Oghren nodded, his face unusually sympathetic. "Felt the same after Branka. Took all the oomph out of me once it was over."
Una nodded, closing her eyes until the dizziness passed. She straightened, tugging her arm away from Zev. "I'm okay," she said. "Just … want to get this finished." She stepped over the body on the ground, resisting the urge to spit on it, an unladylike action her mother would never have approved of.
"Hey! HEYYYY!" A loud voice was coming from one of the cells.
"I think I know that man," she said softly. "Let's save him for last." If he was Vaughan Kendalls, she didn't want to deal with him until she had felt stronger.

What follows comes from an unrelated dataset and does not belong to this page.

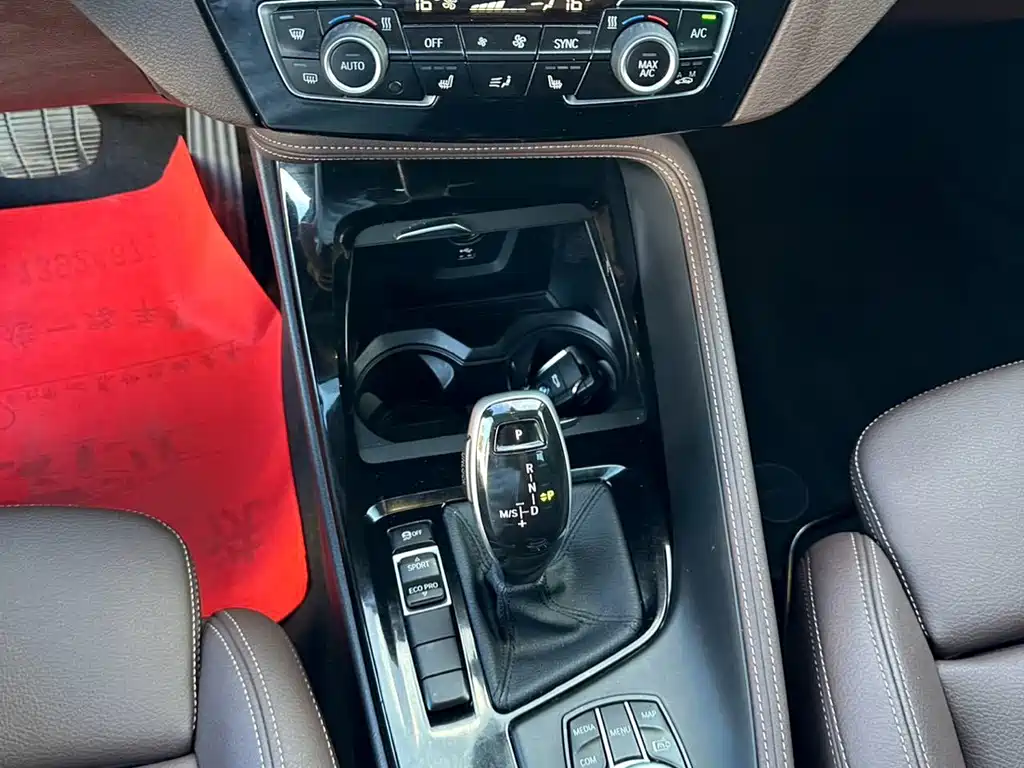 BMW X2 2021 — фото 17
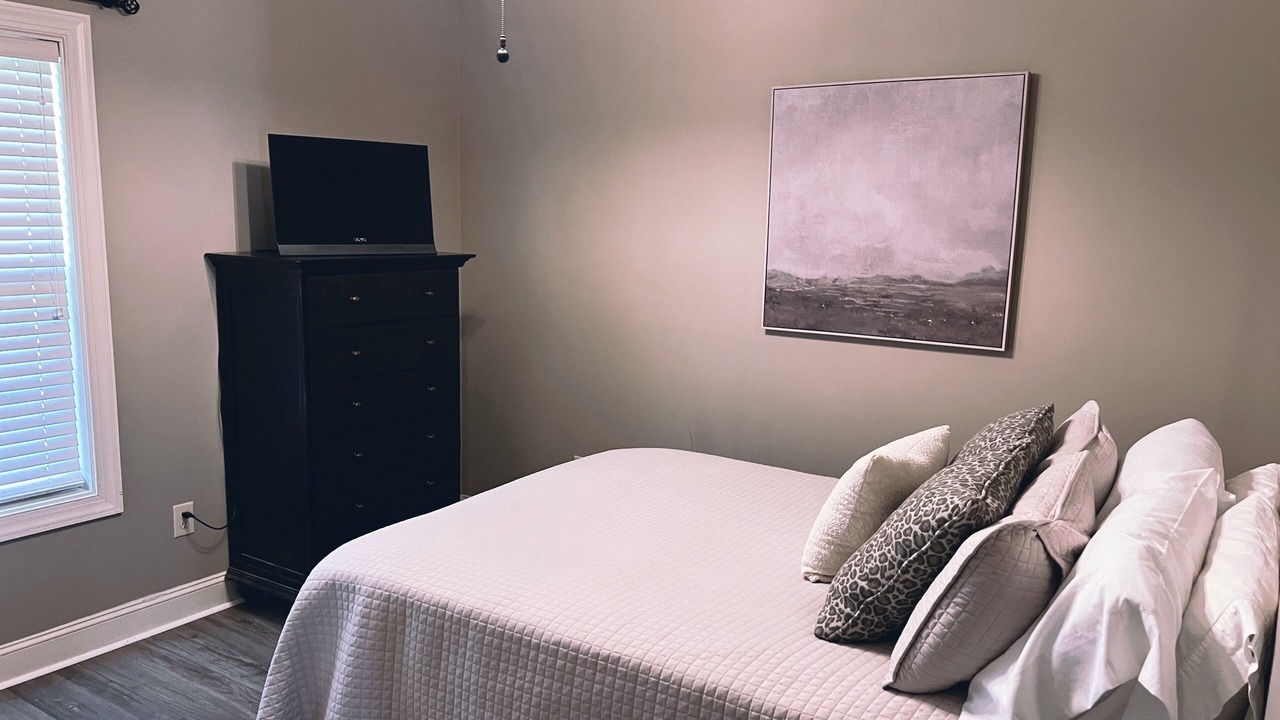 Photo of Bedroom in Starkville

"As you say." Zev was watching her with concern, and she shook her head at him impatiently, turning to a cell where a man who wore only a loincloth crouched, looking up at them beneath the overgrown locks of his shaggy hair.
"Maker have mercy on me … your faithful servant. Grant me … grant me a place … at your side," he was whispering in a hoarse and broken voice, faltering as he spoke as though the words were unfamiliar to him. The voice was Fereldan, though, a Bannorn accent, educated and polished. "Grant me the cleansing flames. Andraste … Bride of the … of the Maker, have mercy on me. Please, mercy."
"Who are you?" Una asked, gripping one of the bars of his cell.
At her voice, he leaped backward, then crept cautiously back into the light. "Alfstanna? Alfstanna, is that you, little sister?" he asked, with an almost pathetic eagerness.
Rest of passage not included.